Sorti par BBE, le label bien connu des amateurs de breaks funk 70s millésimés, dans le cadre d’une nouvelle collection intitulée « The Beat Generation », ce disque de Jay Dee déconcertera certainement ses fans les moins avertis : si vous vous attendez à un album dans le genre de ses plus récentes productions (les deux derniers Tribe Called Quest, l’impeccable Like water for chocolate de Common ou, bien sûr, le Fantastic voyage de son groupe Slum Village), vous risquez d’être déçus. Pochette cheap, pas de hit, 16 morceaux et à peine plus de 40 minutes de musique. De loin ça sent l’arnaque à plein nez, comme le business hip-hop nous a habitués à en sortir à la pelle, des albums posthumes de 2Pac Shakur et Notorious BIG aux chutes de studio de Snoop Dogg multiréchauffées par Death Row. Sauf que, justement, c’est un disque BBE. Et donc ça n’a rien à voir.

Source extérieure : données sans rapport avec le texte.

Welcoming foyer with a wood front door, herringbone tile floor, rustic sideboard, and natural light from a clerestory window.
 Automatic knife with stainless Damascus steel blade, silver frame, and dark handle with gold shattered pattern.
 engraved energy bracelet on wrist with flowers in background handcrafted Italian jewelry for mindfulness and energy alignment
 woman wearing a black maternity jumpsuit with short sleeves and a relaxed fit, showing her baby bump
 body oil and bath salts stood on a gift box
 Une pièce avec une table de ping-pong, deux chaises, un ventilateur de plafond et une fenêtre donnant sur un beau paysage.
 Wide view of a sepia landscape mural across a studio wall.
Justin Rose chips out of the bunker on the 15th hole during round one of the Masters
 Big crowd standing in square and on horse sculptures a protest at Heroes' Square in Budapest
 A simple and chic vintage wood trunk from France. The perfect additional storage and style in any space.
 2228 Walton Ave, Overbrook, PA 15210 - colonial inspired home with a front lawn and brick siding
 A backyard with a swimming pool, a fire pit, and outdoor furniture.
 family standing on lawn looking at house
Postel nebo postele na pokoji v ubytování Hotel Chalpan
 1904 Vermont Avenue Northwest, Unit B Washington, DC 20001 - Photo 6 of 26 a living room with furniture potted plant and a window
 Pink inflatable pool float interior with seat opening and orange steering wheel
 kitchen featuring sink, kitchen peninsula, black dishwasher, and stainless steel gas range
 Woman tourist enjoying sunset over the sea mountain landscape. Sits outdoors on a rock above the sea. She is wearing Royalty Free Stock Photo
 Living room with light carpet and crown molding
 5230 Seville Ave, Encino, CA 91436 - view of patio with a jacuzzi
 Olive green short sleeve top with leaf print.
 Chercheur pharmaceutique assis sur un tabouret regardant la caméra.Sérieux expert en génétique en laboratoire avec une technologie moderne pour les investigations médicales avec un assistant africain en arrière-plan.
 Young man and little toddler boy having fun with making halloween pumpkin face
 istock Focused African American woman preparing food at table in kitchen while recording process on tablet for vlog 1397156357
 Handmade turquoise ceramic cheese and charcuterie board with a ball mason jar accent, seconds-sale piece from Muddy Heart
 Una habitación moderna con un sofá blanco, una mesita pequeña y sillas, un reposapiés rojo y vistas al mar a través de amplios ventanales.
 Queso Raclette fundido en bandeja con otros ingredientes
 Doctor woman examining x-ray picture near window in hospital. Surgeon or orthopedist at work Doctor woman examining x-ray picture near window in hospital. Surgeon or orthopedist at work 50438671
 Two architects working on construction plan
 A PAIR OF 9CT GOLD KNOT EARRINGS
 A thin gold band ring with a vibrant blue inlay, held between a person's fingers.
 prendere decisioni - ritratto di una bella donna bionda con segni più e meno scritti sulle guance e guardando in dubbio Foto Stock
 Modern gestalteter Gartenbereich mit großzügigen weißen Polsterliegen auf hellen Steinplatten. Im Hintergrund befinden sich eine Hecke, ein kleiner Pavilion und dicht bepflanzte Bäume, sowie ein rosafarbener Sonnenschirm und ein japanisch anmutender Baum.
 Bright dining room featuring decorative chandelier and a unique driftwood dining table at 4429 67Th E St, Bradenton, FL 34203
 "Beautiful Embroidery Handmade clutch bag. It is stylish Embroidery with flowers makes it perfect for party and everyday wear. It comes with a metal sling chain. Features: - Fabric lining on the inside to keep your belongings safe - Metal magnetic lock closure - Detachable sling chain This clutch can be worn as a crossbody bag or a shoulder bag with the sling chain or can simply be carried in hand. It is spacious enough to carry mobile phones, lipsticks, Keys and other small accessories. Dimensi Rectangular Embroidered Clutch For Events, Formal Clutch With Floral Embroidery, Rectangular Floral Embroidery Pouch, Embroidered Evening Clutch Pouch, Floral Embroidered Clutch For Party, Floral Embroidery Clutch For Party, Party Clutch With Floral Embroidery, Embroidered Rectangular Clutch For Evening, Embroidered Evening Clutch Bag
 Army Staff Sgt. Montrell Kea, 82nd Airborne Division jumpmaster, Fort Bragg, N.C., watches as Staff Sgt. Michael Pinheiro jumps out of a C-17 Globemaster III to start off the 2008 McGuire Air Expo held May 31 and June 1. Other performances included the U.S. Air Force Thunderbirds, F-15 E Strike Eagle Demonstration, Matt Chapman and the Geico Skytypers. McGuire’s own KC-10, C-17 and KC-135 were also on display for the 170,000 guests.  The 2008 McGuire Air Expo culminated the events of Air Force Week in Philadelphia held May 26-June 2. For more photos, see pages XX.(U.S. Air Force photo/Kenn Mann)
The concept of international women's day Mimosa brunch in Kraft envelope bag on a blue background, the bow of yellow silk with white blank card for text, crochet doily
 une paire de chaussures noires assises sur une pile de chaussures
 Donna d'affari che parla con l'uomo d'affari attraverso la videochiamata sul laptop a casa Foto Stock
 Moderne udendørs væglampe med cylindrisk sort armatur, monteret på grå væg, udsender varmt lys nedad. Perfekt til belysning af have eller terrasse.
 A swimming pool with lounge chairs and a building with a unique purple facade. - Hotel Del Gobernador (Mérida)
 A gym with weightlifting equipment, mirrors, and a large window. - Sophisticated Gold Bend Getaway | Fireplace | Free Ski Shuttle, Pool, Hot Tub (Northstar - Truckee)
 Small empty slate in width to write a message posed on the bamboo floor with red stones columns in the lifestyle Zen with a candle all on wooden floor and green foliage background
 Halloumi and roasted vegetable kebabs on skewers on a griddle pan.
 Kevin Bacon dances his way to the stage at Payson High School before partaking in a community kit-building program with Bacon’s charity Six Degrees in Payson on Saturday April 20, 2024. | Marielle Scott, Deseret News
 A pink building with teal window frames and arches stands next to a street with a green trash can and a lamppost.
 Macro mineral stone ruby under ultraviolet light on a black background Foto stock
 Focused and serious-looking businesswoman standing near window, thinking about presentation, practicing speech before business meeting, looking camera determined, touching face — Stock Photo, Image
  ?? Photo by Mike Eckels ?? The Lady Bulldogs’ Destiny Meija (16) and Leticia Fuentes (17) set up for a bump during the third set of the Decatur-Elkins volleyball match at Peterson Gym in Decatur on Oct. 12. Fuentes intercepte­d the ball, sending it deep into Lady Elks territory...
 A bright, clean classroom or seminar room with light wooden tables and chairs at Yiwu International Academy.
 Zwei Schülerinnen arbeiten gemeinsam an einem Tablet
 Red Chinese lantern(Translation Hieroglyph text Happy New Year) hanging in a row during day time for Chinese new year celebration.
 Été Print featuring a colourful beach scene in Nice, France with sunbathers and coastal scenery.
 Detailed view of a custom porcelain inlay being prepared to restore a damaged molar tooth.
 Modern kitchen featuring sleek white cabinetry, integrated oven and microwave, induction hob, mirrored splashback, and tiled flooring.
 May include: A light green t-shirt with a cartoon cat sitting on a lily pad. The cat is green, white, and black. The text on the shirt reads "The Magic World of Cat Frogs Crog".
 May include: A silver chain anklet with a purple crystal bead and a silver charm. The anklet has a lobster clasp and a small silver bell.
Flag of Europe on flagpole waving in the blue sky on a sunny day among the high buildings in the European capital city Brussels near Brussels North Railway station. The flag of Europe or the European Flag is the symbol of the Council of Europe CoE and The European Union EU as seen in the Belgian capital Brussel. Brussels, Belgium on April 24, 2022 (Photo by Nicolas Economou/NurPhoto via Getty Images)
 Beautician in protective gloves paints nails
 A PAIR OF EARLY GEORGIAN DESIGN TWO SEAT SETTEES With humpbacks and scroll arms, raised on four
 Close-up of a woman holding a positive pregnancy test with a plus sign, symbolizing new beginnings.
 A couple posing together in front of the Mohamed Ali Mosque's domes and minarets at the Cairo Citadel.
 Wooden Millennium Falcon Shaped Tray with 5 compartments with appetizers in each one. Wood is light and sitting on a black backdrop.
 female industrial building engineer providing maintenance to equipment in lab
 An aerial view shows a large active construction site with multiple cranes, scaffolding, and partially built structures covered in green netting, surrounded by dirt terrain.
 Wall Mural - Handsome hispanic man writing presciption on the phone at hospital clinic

A l’origine, ça devait être un disque de breakbeat, comme BBE en sort régulièrement, sous la conduite d’experts reconnus (DJ Shadow, Kenny Dope ou Pete Rock ont déjà inscrit leur nom à son catalogue) ; à l’arrivée, c’est en fait tout autre chose. BBE avait simplement dit à Jay Dee : « Tu fais ce que tu veux. » Lui, plutôt que de simplement nous ressortir quinze vieux 45-tours de funk, nous fait rentrer dans son studio pour nous montrer ce qu’il en fait, et comment. Ce qui donne un disque rempli d’esquisses, de bribes de morceaux, de breakbeats mal dégrossis, accompagnés de notes de pochette précises et techniques. C’est un peu, en fait, les 40 minutes de bonus d’un DVD, qui présenteraient le making-of d’un disque de rap Ce qui ne veut pas dire que ce disque ne soit pas décevant. Il l’est évidemment, à l’aune de ce à quoi Jay Dee nous a habitués. Il n’y a là que des brouillons, des morceaux en devenir, qui attendent encore ou le MC ou l’effort de production supplémentaire qui les rendra vraiment efficaces. Mais ça ne l’empêche pas d’être passionnant. Pour la première fois sans doute, un disque nous fait pénétrer dans le studio d’un producteur de rap au travail, c’est-à-dire dans ce lieu secret où les breakbeats se transmutent en hip-hop.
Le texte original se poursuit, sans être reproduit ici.